# DATA TO USE
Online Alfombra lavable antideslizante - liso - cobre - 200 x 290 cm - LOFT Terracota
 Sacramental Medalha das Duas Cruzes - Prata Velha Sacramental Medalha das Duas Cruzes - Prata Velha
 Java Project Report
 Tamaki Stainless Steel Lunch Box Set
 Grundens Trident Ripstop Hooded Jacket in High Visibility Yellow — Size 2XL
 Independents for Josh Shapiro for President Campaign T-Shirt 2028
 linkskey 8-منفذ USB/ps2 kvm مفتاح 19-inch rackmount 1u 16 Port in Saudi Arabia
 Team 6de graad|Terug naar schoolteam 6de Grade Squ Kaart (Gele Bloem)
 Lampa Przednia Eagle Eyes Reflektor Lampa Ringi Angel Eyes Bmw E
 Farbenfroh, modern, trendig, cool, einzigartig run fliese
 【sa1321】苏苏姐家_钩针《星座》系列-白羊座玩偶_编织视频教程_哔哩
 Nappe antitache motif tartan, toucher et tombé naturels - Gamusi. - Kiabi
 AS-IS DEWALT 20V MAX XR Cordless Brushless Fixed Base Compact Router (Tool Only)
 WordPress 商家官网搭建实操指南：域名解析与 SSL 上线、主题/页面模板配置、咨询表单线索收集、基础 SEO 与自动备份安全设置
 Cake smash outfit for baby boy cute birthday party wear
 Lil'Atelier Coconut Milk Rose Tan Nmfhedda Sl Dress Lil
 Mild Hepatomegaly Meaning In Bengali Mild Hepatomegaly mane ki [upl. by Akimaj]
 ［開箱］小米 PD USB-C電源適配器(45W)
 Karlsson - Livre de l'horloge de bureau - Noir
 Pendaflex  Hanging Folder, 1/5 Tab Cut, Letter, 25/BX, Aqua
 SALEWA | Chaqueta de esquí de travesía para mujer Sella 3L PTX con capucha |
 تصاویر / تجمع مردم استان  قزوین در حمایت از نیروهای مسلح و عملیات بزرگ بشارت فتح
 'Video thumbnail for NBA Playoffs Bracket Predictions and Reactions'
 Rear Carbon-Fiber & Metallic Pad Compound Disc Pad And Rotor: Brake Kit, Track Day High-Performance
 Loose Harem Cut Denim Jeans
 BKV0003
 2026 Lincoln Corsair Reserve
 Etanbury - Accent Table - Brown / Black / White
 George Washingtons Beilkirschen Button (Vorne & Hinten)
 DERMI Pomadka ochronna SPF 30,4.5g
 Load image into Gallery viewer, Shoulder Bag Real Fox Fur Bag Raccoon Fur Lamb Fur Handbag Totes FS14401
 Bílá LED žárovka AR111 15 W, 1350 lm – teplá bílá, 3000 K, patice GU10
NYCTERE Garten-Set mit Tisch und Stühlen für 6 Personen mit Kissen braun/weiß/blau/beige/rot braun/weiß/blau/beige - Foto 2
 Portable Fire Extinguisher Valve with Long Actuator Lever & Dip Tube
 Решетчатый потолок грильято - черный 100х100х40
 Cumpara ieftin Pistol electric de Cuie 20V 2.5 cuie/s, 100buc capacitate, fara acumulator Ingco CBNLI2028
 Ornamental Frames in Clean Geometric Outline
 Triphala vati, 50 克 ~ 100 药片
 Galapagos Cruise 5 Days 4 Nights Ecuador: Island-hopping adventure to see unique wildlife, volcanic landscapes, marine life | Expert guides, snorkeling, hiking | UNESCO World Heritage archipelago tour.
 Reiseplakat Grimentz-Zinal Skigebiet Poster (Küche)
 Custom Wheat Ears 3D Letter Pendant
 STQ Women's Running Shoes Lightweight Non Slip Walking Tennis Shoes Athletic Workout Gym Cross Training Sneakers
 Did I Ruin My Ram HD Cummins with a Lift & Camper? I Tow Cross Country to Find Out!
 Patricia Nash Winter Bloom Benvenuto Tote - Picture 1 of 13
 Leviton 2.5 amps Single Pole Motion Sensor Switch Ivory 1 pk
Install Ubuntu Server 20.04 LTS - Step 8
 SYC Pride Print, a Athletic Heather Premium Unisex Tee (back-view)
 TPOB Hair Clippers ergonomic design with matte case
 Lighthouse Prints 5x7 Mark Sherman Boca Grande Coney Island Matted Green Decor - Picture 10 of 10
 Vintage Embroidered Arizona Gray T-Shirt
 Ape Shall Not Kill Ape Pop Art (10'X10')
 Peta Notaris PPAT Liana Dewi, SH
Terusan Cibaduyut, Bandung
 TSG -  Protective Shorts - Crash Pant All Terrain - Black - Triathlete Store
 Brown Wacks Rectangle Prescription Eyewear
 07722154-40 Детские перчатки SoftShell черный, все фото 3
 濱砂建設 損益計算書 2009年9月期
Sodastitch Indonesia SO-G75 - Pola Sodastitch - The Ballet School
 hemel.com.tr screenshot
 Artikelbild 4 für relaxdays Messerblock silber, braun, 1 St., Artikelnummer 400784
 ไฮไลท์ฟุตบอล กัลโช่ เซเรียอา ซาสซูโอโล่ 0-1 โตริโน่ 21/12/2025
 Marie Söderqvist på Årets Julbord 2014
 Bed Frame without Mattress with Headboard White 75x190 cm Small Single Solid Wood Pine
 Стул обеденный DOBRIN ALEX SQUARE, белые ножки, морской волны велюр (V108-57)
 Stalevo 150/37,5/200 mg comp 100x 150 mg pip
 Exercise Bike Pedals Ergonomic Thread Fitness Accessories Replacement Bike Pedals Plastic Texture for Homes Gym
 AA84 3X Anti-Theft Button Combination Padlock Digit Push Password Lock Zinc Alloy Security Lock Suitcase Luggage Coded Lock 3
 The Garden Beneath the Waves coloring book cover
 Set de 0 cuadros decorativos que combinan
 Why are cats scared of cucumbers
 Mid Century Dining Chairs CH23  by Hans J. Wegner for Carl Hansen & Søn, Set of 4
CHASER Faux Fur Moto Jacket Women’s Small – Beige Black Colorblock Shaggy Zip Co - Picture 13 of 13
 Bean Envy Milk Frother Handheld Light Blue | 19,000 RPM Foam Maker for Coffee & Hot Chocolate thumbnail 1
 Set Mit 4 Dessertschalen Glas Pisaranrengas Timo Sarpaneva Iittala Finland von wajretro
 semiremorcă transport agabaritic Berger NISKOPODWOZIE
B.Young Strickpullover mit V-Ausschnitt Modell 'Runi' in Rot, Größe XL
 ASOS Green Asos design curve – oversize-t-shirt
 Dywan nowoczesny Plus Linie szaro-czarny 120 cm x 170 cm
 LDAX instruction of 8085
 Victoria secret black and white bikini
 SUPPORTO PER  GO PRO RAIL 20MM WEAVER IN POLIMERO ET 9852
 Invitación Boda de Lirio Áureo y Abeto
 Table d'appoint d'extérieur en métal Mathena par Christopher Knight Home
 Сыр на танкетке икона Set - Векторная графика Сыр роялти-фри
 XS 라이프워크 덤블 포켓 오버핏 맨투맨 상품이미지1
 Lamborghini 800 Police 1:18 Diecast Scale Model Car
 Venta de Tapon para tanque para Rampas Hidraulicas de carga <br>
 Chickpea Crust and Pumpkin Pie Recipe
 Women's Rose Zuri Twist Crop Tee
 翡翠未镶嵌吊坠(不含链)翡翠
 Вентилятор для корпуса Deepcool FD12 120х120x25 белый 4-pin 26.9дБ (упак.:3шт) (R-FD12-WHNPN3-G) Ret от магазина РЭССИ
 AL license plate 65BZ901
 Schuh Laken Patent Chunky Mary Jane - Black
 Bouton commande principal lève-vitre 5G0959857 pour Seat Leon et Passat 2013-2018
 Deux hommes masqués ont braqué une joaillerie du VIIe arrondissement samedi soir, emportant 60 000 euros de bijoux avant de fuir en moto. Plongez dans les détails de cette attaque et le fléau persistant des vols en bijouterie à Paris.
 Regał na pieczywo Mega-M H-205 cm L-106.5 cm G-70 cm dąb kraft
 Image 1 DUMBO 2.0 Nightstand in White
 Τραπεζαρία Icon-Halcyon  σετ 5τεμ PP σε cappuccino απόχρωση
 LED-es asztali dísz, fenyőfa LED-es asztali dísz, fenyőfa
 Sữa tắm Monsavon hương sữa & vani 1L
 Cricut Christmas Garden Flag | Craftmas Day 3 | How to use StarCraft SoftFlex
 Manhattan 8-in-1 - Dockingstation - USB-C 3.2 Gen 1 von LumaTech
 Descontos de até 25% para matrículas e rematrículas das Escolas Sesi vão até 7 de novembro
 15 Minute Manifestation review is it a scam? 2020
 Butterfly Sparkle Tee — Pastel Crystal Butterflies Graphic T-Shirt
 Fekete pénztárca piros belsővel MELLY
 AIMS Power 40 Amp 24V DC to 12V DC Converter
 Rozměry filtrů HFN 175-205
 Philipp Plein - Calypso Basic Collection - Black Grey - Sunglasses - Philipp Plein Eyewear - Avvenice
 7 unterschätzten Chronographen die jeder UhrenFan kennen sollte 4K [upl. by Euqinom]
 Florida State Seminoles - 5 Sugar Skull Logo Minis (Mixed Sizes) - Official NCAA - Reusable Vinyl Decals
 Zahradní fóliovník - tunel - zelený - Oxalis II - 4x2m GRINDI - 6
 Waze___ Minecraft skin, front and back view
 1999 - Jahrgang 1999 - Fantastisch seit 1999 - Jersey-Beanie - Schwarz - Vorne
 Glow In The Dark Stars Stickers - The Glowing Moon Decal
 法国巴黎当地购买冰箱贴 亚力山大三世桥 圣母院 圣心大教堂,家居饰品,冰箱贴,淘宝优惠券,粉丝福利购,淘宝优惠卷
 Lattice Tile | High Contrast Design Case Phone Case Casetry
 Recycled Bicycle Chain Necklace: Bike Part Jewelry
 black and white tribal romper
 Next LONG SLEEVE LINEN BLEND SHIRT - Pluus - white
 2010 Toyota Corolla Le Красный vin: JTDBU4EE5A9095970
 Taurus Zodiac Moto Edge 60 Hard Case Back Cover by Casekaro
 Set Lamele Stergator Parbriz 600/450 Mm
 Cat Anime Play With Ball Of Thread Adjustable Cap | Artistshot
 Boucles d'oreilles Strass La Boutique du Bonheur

# ACTIVITY
What lines in the entries contain "Vorne"? Report each one by copying it.

# COMPLETED TASK
 George Washingtons Beilkirschen Button (Vorne & Hinten)
 1999 - Jahrgang 1999 - Fantastisch seit 1999 - Jersey-Beanie - Schwarz - Vorne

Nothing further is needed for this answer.